The crypto market is reliant on a new supply of some 3.2 million bitcoins on exchanges and held by traders, according to the report.
The study also found that investors who have been owners of at least 1,000 bitcoins for about three month increased their holdings in 2020 by 173%.
That rising demand, combined with that constrained supply, helped to lift bitcoin values to a total market value of around $800 billion, and Copper said that the main driver of demand has been North American buyers taking supply from Asian miners.
“The price increase is a result of a demand and liquidity-crunch marriage that
happened early in 2020 when outflows from exchanges—that is,
bitcoins being moved into self-custody—increased significantly,” the company’s research found.
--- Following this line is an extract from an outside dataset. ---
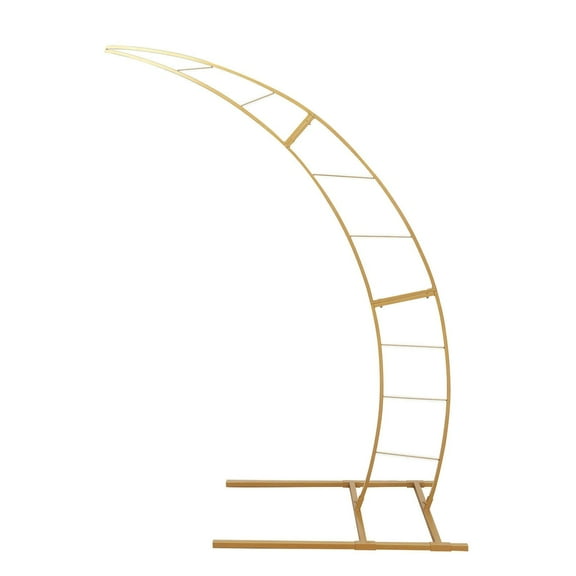 Efavormart 6.5ft Gold Metal Crescent Moon Wedding Arch Photography Backdrop Stand, Curved Design Flower Balloon Frame, Collapsible Arbor Stand With Solid Rectangular Base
Copper also made an interesting finding, noting that nearly a third of bitcoin trading volume occurs during the period when the New York Stock Exchange is open and investors should be focused on trading in the Dow Jones Industrial Average DJIA, +0.20% and the S&P 500 index SPX, -0.03%.
That so much of trading in bitcoin occurs during stock-market hours, between 9:30 a.m. and 4 p.m. Eastern, may explain why S&P 500 moves are seen at times as correlated with bitcoin prices, Copper wrote.